- Born: May 22, 1961 Santa Cruz County, California, U.S.
- Died: February 20, 2017 (aged 55) Ridgewood, New Jersey, U.S.
- Education: Harvard University (BA) Balliol College, Oxford (BA)
- Spouse: Tom Adkins (2005–2010)
- Children: 2 daughters

Notes

= Brenda Buttner =

American journalist

Brenda Buttner (May 22, 1961 – February 20, 2017) was an American broadcast journalist who served as a senior business correspondent and host of Bulls & Bears for Fox News. She also frequently contributed to Your World with Neil Cavuto.

Buttner was born in Santa Cruz County, California. She graduated from Harvard University in 1983 with a bachelor's degree in social studies. She then spent two years as a Rhodes Scholar at Balliol College, Oxford University, England, where she graduated with high honors and received a B.A. in politics and economics. After completing her studies at Oxford, Buttner moved to Reno, Nevada, where she began her television career at NBC affiliate KCRL-TV. She was a former feature editor of Cycle World magazine, an enthusiast motorcycle publication.

Buttner hosted CNBC's The Money Club and served as a Washington correspondent from 1990 to 1993 and general correspondent from 1995 to 1998 for the cable outlet. In 2000, she joined Fox News where she would spend the rest of her career.
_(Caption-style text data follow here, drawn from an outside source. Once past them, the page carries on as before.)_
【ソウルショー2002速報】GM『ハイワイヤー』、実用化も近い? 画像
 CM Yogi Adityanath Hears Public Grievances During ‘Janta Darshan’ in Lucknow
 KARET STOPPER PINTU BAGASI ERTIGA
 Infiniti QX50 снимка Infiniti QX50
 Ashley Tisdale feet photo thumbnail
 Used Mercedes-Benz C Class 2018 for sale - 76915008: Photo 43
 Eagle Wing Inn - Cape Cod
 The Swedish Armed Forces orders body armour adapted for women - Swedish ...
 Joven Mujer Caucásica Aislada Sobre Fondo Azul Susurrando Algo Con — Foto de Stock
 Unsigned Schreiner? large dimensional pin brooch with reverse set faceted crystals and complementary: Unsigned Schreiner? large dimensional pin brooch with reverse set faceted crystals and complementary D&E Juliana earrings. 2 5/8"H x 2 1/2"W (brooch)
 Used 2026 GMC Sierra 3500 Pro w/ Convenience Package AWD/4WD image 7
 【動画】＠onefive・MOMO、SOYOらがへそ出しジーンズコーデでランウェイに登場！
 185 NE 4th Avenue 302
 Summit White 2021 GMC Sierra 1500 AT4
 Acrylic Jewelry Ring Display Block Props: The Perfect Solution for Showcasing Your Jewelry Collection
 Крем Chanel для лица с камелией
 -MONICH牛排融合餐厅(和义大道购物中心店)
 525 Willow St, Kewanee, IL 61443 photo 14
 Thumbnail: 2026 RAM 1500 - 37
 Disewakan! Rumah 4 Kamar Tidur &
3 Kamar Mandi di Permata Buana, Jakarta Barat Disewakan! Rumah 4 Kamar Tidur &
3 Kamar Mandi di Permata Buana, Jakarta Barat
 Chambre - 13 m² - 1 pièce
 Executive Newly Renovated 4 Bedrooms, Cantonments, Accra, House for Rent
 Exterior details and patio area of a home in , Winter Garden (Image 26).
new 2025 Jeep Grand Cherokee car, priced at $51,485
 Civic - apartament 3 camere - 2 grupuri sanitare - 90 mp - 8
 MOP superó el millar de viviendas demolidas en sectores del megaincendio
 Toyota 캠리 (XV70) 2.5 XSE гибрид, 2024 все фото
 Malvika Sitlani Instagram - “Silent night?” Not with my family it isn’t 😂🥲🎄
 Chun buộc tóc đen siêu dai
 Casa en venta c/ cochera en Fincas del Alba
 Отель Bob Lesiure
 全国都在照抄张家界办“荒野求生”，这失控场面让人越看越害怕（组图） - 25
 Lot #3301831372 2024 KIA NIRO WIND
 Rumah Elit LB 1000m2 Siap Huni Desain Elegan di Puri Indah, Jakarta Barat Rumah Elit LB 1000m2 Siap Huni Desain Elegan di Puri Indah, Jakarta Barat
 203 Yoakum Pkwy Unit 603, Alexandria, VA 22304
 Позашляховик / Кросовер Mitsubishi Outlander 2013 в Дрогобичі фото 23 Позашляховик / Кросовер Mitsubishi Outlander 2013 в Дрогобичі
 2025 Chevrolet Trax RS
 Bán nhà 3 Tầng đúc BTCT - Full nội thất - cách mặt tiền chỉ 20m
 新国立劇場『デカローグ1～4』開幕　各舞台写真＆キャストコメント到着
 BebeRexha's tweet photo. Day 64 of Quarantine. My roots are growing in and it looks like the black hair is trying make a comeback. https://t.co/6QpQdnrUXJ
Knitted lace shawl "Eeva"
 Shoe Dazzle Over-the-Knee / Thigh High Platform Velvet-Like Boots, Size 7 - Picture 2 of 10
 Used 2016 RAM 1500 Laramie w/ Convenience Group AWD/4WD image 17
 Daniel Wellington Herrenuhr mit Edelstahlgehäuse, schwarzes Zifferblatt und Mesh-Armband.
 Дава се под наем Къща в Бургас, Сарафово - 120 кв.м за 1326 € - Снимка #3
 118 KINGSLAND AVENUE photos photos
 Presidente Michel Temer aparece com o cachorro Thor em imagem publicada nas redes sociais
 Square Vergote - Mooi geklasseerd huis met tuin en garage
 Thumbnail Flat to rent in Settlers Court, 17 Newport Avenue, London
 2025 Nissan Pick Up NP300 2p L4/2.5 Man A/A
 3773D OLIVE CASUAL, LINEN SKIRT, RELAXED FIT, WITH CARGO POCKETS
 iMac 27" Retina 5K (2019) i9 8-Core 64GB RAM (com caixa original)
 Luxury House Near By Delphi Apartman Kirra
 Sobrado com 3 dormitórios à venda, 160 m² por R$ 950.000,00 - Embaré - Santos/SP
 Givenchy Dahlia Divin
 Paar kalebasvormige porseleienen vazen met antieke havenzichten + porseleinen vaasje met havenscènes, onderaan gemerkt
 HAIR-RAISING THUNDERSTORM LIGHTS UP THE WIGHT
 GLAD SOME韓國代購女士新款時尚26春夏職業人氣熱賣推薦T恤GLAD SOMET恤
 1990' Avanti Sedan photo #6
Buttner received numerous awards for her work, including a Cable Ace Award in 1996 for best business programming (The Money Club) and a National Clarion award in 1990 for best news story. In addition, many of her personal finance articles have been published in popular publications such as The New York Times and Ladies' Home Journal.

She was a resident of Ridgewood, New Jersey. She died at age 55 on February 20, 2017, following a battle with cancer.